Bagging and Random Forests

3/30/23

Housekeeping

3/30: Lab 04 due midnight tonight! Unfortunately, Doug cannot have office hours tonight.
3/31: midterm released after class! PDF (or html) to submitted to Canvas and code pushed to GitHub by Sunday 11:59pm
- E-mail me with clarifying questions
Sign-up for oral midterm component today!

Recall the disadvantages of decision trees
- Lower levels of predictive accuracy compared to some other approaches
- Can be non-robust (small changes in training data can result in a drastically different tree)
We will now see that aggregating many trees can improve predictive performance!

The decision trees described previously suffer from high variance, whereas linear regression tends to have low variance (when \(n >> p\))
An ensemble method is a method that combines many simple “building block” models in order to obtain a single final model
Bootstrap aggregation or bagging is a general-purpose procedure for reducing the variance of a statistical-learning method
- Given a set of \(n\) independent observations \(Z_{1}, \ldots, Z_{n}\), each with variance \(\sigma^2\), then \(\text{Var}(\bar{Z}) = \sigma^2/n\) (i.e. averaging a set of observations reduces variance)
However, we typically don’t have access to multiple training sets

Instead, we can bootstrap by taking repeated samples from a single training set
Bagging:
1. Generate \(B\) (e.g. \(B = 100\)) different bootstrapped training datasets
2. Train our model on the \(b\)-th bootstrapped training set in order to get \(\hat{f}^{(b)}(x)\) for \(b = 1,\ldots, B\)
3. Average all the predictions to obtain the final “bagged model”
\[\hat{f}_{\text{bag}}(x) = \frac{1}{B} \sum_{b=1}^{B} \hat{f}^{(b)}(x)\]

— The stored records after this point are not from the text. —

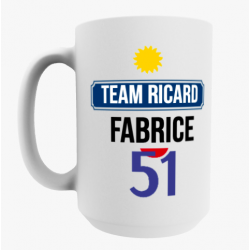 Mug " Team Ricard "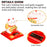 Solar Powered Lucky Cat Figurine Waving Arm Car Dashboard Home Decoration Creative Gift, L Size - 338B / Yellow - 5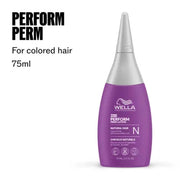Wella Pro + Perform Perm 75ml (Natural / Coloured hair)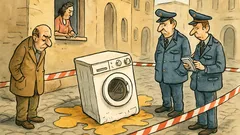 Barzelletta: Lavatrice lanciata al mercato...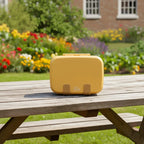 Clevakid Explorer Lunch Box Orange Light 800ML \27 OZ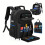 Heavy Duty Tool Backpack Professional Electrician Tool Bag with Organizer 4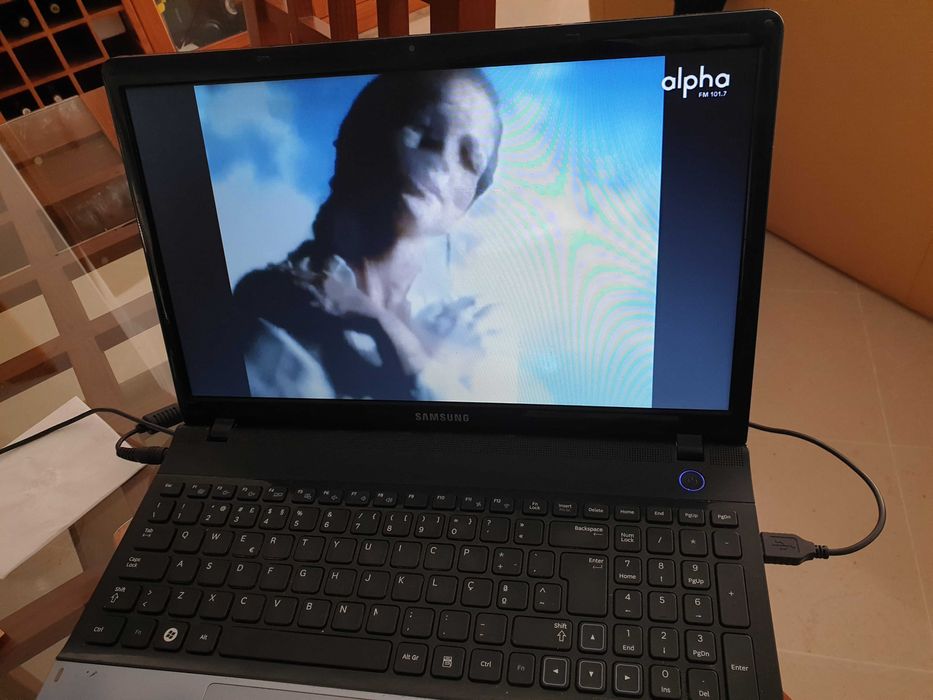 Samsung laptop usado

To apply bagging to regression trees:
- Construct \(B\) regression trees using \(B\) different bootstrapped training sets.
- From each tree \(\hat{f}^{(b)}(x)\), we can obtain a prediction for a test observation \(x_{0}\): \(\hat{y}_{0}^{(b)}\)
  - For the same test point, will end up with \(B\) predictions: \(\hat{y}_{0}^{(1)}, \hat{y}_{0}^{(2)}, \ldots, \hat{y}_{0}^{(B)}\)
- Average the predictions to produce a final single prediction: \(\hat{y}_{0} = \frac{1}{B} \sum_{b=1}^{B}\hat{y}_{0}^{(b)}\)
Details
- Each of the \(B\) trees are grown deep, and are not pruned. Why?
- The only parameter we set when bagging decision trees is the number of trees \(B\) to include

Suppose we want to fit a bagged regression tree model to predict abundance in the mite data
Fit data on 80% train, predict on 20% test
Discuss: how would you fit a bagged regression tree model to obtain predictions for the test set using functions/methods you already know?

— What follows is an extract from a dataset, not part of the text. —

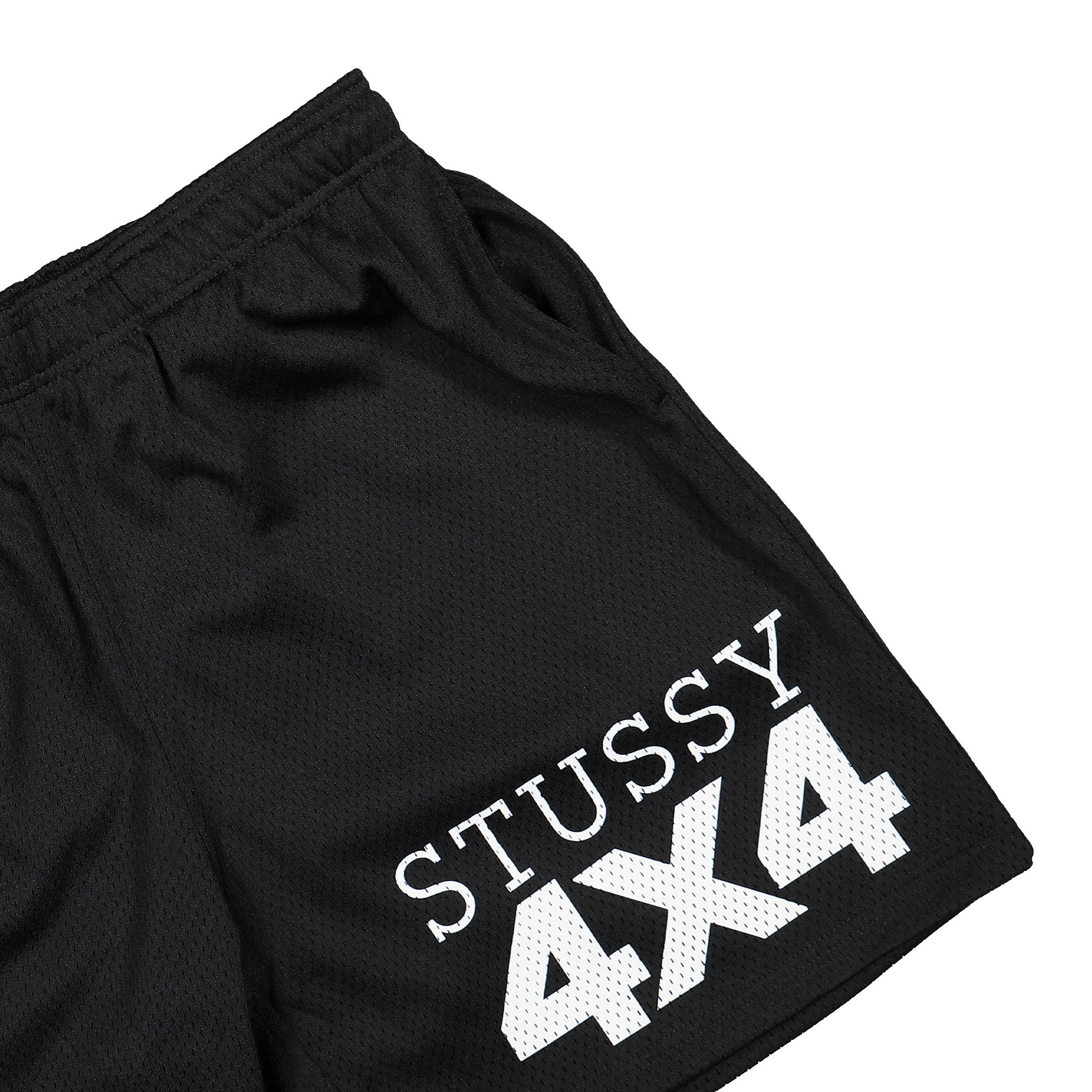 Stussy 4X4 Mesh Short Black Shorts Detailfoto | Overkill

Estimating test error of a bagged model is quite easy without performing CV
On average, each one of the \(B\) trees is fit using about 2/3 of the observations. Remaining 1/3 are called out-of-bag (OOB) observations
Can predict the response for \(i\)-th observation using each of the trees in which that observation was OOB
- Yields about \(B/3\) observations for observation \(i\)
Discuss: Why is the resulting OOB error a valid estimate of the test error for the bagged model?
When \(B\) sufficiently large, OOB error is virtually equivalent to LOOCV
Discuss and implement: how would you fit a bagged regression tree model where you use OOB observations to estimate test error?

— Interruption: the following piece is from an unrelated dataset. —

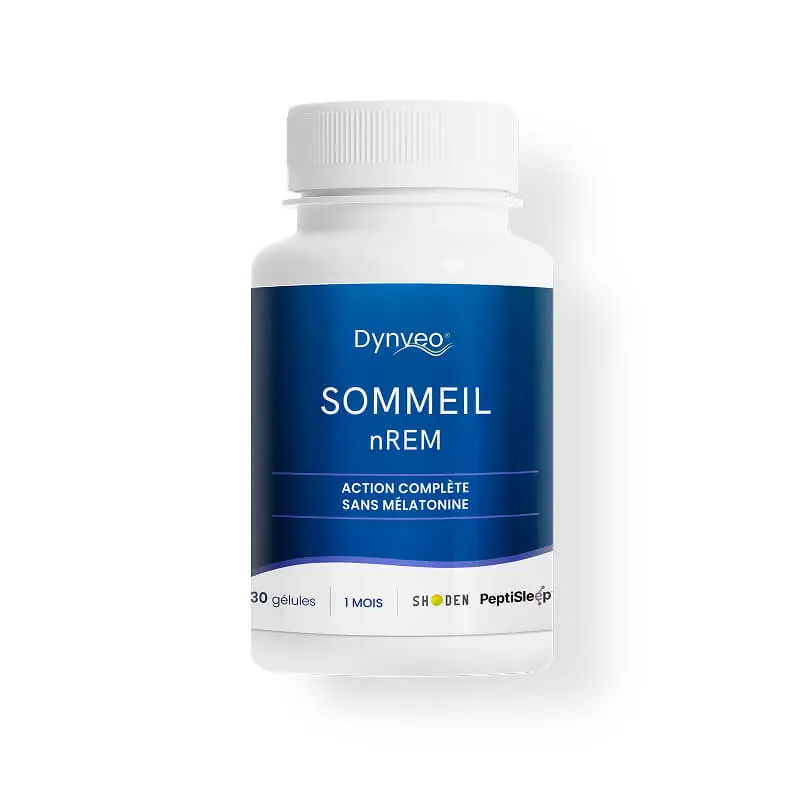 Dynveo Complexe Sommeil griffonia 5-HTP mélatonine gélules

Fitting bagged decision trees using the randomForest package

I fit bagged regression trees for \(B = 2, 3, \ldots, 200\) bootstrapped sets using

All the data, and obtained an estimate of test RMSE using the OOB samples
A training set of 2/3 of the original observations, and obtained an estimate of the test RMSE using the held-out validation set

Bagging can result in difficulty in interpretation: it’s no longer clear which predictors are most important to the procedure
But one main attraction of decision trees is their interpretability!
Can obtain an overall summary of importance of each predictor using the residual error:
- For bagged regression trees, record the total amount that MSE decreases due to splits over a given predictor, averaged over \(B\) (higher explanatory power \(\rightarrow\) larger decrease in MSE \(\rightarrow\) more important)

Random forests provide improvement over bagged trees by providing a small tweak that decorrelates the trees
Like bagging, we build \(B\) decision trees using \(B\) different bootstrapped training samples
The only difference is in how each tree \(\hat{f}^{(b)}(x)\) is constructed
Prediction in random forests proceeds the same as in bagged trees

Each time a split is considered, a random sample of \(m\) predictors is chosen as split candidates from the full set of \(p\) predictors.
The node will split on one of these \(m\) predictors
- At every split, we choose a new sample of \(m\) predictors
- Typically choose \(m \approx p/3\)

For the mite data, we have \(p = 5\) predictors:

[1] "SubsDens"  "WatrCont"  "Substrate" "Shrub"     "Topo"      "abundance"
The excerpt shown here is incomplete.